#### RECORDS FOR THE EXERCISE ####
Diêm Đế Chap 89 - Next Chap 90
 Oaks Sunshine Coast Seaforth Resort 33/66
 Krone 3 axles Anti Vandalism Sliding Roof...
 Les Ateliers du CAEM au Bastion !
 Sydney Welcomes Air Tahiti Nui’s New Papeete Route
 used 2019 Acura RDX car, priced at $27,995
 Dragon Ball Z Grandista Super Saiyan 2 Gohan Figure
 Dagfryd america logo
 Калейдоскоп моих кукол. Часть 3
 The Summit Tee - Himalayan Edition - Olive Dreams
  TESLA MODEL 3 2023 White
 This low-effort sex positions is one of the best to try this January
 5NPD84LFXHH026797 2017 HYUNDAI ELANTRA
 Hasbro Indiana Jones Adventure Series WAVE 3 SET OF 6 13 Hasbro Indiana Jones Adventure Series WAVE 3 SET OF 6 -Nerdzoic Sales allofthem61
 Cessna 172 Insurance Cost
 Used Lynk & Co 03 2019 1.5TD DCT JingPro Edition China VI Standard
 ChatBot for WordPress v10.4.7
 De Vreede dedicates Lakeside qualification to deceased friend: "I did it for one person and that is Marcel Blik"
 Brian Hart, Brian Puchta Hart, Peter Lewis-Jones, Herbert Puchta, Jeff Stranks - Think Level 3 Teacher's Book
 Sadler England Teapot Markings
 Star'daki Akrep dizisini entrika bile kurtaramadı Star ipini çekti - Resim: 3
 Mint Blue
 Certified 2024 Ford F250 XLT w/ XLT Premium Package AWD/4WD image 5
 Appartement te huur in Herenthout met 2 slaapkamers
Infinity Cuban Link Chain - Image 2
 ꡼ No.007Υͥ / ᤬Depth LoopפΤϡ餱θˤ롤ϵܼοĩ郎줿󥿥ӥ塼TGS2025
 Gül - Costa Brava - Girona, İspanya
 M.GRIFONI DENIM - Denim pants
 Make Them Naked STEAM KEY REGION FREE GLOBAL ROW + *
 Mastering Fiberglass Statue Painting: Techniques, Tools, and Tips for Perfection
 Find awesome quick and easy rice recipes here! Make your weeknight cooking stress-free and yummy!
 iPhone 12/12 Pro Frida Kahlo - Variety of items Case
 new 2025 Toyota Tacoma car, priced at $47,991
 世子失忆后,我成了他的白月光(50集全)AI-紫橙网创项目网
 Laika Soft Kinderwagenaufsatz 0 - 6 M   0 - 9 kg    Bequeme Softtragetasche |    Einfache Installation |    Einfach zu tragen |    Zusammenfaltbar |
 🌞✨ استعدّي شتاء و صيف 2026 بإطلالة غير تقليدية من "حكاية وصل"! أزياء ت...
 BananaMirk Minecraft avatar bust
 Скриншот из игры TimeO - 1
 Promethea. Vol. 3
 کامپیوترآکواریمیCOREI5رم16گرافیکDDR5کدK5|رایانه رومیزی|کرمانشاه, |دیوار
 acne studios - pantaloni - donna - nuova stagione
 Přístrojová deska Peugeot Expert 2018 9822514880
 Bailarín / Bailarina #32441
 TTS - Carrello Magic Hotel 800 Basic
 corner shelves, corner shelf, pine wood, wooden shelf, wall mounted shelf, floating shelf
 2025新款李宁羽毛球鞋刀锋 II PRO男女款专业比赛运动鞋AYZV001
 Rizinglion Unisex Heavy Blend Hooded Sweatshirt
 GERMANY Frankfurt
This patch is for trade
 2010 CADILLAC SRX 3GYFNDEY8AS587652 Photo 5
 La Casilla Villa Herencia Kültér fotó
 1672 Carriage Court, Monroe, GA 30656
####
§ **TASK TO COMPLETE**
Repeat word for word the lines above that run from the line containing "iPhone 12/12 Pro" through the line containing "GERMANY Frankfurt", both ends included, and nothing else.

§ **RESPONSE TO THE TASK**
 iPhone 12/12 Pro Frida Kahlo - Variety of items Case
 new 2025 Toyota Tacoma car, priced at $47,991
 世子失忆后,我成了他的白月光(50集全)AI-紫橙网创项目网
 Laika Soft Kinderwagenaufsatz 0 - 6 M   0 - 9 kg    Bequeme Softtragetasche |    Einfache Installation |    Einfach zu tragen |    Zusammenfaltbar |
 🌞✨ استعدّي شتاء و صيف 2026 بإطلالة غير تقليدية من "حكاية وصل"! أزياء ت...
 BananaMirk Minecraft avatar bust
 Скриншот из игры TimeO - 1
 Promethea. Vol. 3
 کامپیوترآکواریمیCOREI5رم16گرافیکDDR5کدK5|رایانه رومیزی|کرمانشاه, |دیوار
 acne studios - pantaloni - donna - nuova stagione
 Přístrojová deska Peugeot Expert 2018 9822514880
 Bailarín / Bailarina #32441
 TTS - Carrello Magic Hotel 800 Basic
 corner shelves, corner shelf, pine wood, wooden shelf, wall mounted shelf, floating shelf
 2025新款李宁羽毛球鞋刀锋 II PRO男女款专业比赛运动鞋AYZV001
 Rizinglion Unisex Heavy Blend Hooded Sweatshirt
 GERMANY Frankfurt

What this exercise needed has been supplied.